■ **MATERIAL FOR THE TASK**:

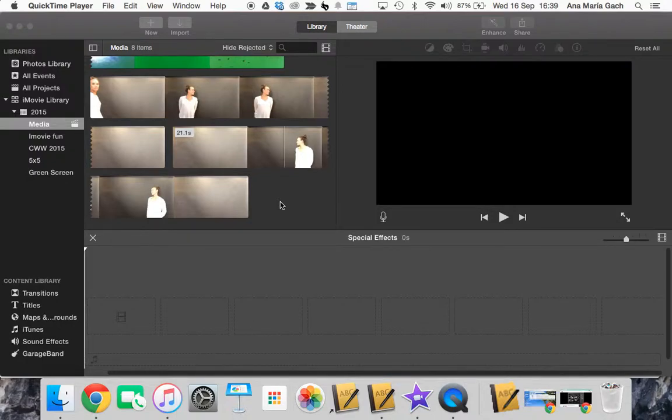Hey guys, Mrs. Gatch here. I'm going to show you today how you can do cloning with some of your video footage within iMovie.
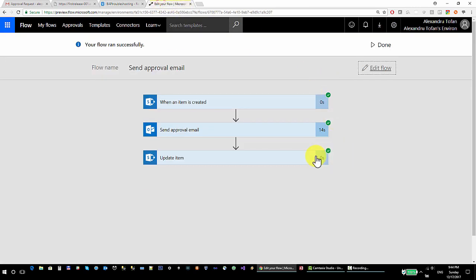So those are the main differences between the Start an Approval action and the Send Approval Email action. They behave differently and each action has its own purpose. When you start developing a flow that needs approval, you should be aware of the advantages and disadvantages of these two actions. I hope this tutorial is helpful for those who want to understand the difference. Thank you.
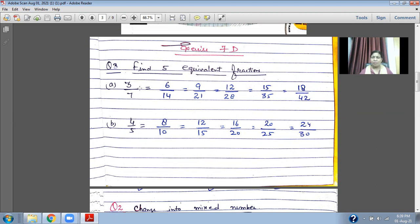When you multiply by three: three times three is nine, seven times three is twenty-one. Multiply by four: three times four is twelve, seven times four is twenty-eight. On the denominator side: seven twos are fourteen, seven threes are twenty-one, seven fours are twenty-eight, seven fives are thirty-five, seven sixes are forty-two.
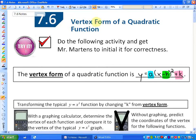We are going to be investigating the vertex form of a quadratic function. The vertex form of a quadratic function, as you can see here in the top box, is y equals a times x minus h squared plus k.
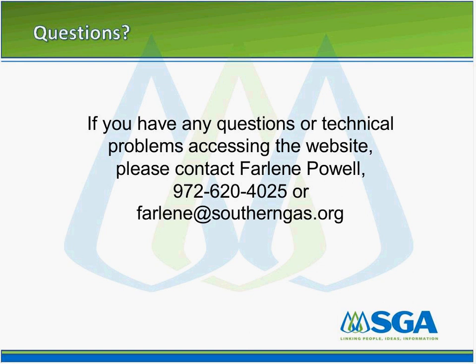If you have any questions or technical problems accessing the website, please contact Farlene Powell. Her number is 972-620-4025 or farlene@southerngas.org. Again, thank you for being a member and we look forward to seeing you online in the future. If you have any comments or questions, please feel free to contact me. Thank you so much and have a great day.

■ **INSTRUCTIONS FOR THE TASK**: What is needed is an exact copy of the data, with the pictures removed.

■ **RESPONSE**:
Hey guys, Mrs. Gatch here. I'm going to show you today how you can do cloning with some of your video footage within iMovie.
So those are the main differences between the Start an Approval action and the Send Approval Email action. They behave differently and each action has its own purpose. When you start developing a flow that needs approval, you should be aware of the advantages and disadvantages of these two actions. I hope this tutorial is helpful for those who want to understand the difference. Thank you.
When you multiply by three: three times three is nine, seven times three is twenty-one. Multiply by four: three times four is twelve, seven times four is twenty-eight. On the denominator side: seven twos are fourteen, seven threes are twenty-one, seven fours are twenty-eight, seven fives are thirty-five, seven sixes are forty-two.
We are going to be investigating the vertex form of a quadratic function. The vertex form of a quadratic function, as you can see here in the top box, is y equals a times x minus h squared plus k.
If you have any questions or technical problems accessing the website, please contact Farlene Powell. Her number is 972-620-4025 or farlene@southerngas.org. Again, thank you for being a member and we look forward to seeing you online in the future. If you have any comments or questions, please feel free to contact me. Thank you so much and have a great day.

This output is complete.